Sábado, 8 de Dezembro, voltei à Serra Amarela. Este ano terá sido a quinta ou sexta vez que por lá andei. A chuva e o nevoeiro foram a companhia dos 30 caminheiros do UPB, de modo que não pudemos apreciar a Serra Amarela em toda a sua beleza.

Realizada em homenagem a Miguel Torga, connosco levamos o poeta e em alguns lugares fomos lendo textos e poemas. O Diário III relata uma jornada em 25 de Julho de 1945 pela Serra Amarela que em parte procuramos refazer. Então, para visitar um velho fojo, Miguel Torga contratou um pastor como guia em Vilarinho da Furna. Esse guia, o Fecha, viria a tornar-se um dos seus amigos no Gerês. Mais tarde, no volume 5 da "Criação do Mundo", este episódio seria recordado como um relato de Fecha de forma muito interessante. Ainda que Vilarinho já não exista, a serra está lá. Praticamente igual na sua “pureza essencial e granítica”. As antenas da Louriça são das poucas marcas na paisagem. De resto continua igual. Numa outra caminhada com o UPB, tive a sorte de termos como companheiro de caminhada um natural de Vilarinho (baptizado no UPB como Furna). Foi ele que nos explicou a história do estradão que começaria junto à Louriça e seguiria até à Portela do Homem. Um estradão que parou no muro com que aldeia demarcou o seu território. Esse projecto interrompido continua na serra como símbolo da força comunitária de Vilarinho da Furna. Mantendo-a praticamente sem estradas, como terra do “sopro claro das livres asas e o riso aberto dos grandes sóis”.

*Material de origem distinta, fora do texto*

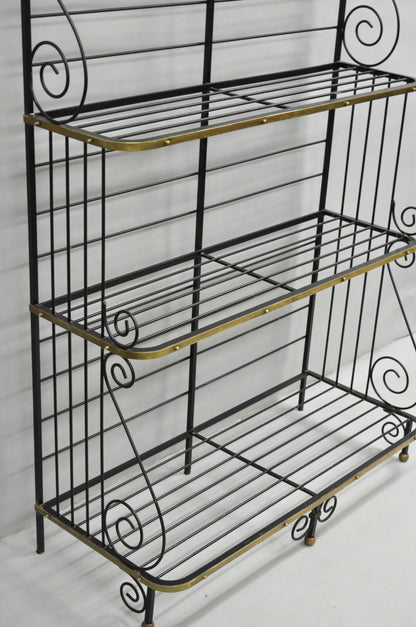 Vintage French Bakers Rack 3 Tier Scrolling Wrought Iron and Brass Etagere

Açor, Serra da Lousã, 26 de Outubro de 1942 – Aqui estou, no alto desta serra ondulada, sentado, a contemplar um largo horizonte, enquanto o cão abana o rabo, um tanto ao quanto perplexo dum descanso com perdizes à vista. Paciência, camarada, que são apenas dois minutos. O coração ainda puxa, mas já pede de vez em quando, pelo amor de Deus, um pouco de caridade cristã. De maneira que não há remédio. De resto, faz parte do meu ritual subir aos altos, sentir a voluptuosidade da fadiga, como diz Unamuno, e depois olhar. Devo à paisagem as poucas alegrias que tive no mundo. Os homens só me deram tristezas. Ou eu nunca os entendi, ou eles nunca me entenderam. Até os mais próximos, os mais amigos, me cravaram na hora própria um espinho envenenado no coração. A terra, com os seus vestidos e as suas pregas, essa sempre foi generosa. É claro que nunca um panorama me interessou como gargarejo. É mesmo um favor que peço ao destino: que me poupe à degradação das habituais paneladas de prosa, a descrever de cor caminhos e florestas. As dobras e as cores do chão onde firmo os pés foram sempre no meu espírito coisas sagradas e intimas como o amor. Falar duma encosta coberta de neve sem ter a alma branca também, retratar uma folha sem tremer como ela, olhar um abismo sem fundura nos olhos, é para mim o mesmo que gostar sem língua, ou cantar sem voz. Vivo na paisagem integrado nela. De tal modo, que chego a sentir-me, em certas ocasiões, pedra, orvalho, flor ou nevoeiro. Nenhum outro espectáculo me dá semelhante plenitude e cria no meu espírito um sentido tão acabado do perfeito ou do eterno. Bem sei que há gente que encontra o mesmo universo no jogo dum músculo ou na linha dum perfil. Lá está o exemplo de Miguel Ângelo a demonstrá-lo. Mas eu, não. Eu declaro aqui a estas fundas e agrestes rugas de Portugal que nunca vi nada mais puro, mais gracioso, mais belo, do que um tufo de relva que fui encontrar um dia no alto das penedias da Calcedónia, no Gerês. Roma, Paris, Florença, Beethoven, Cervantes, Shakespepeare… Palavra, que não troco por tudo isso o rasgão mais humilde da tua estamenha, Mãe!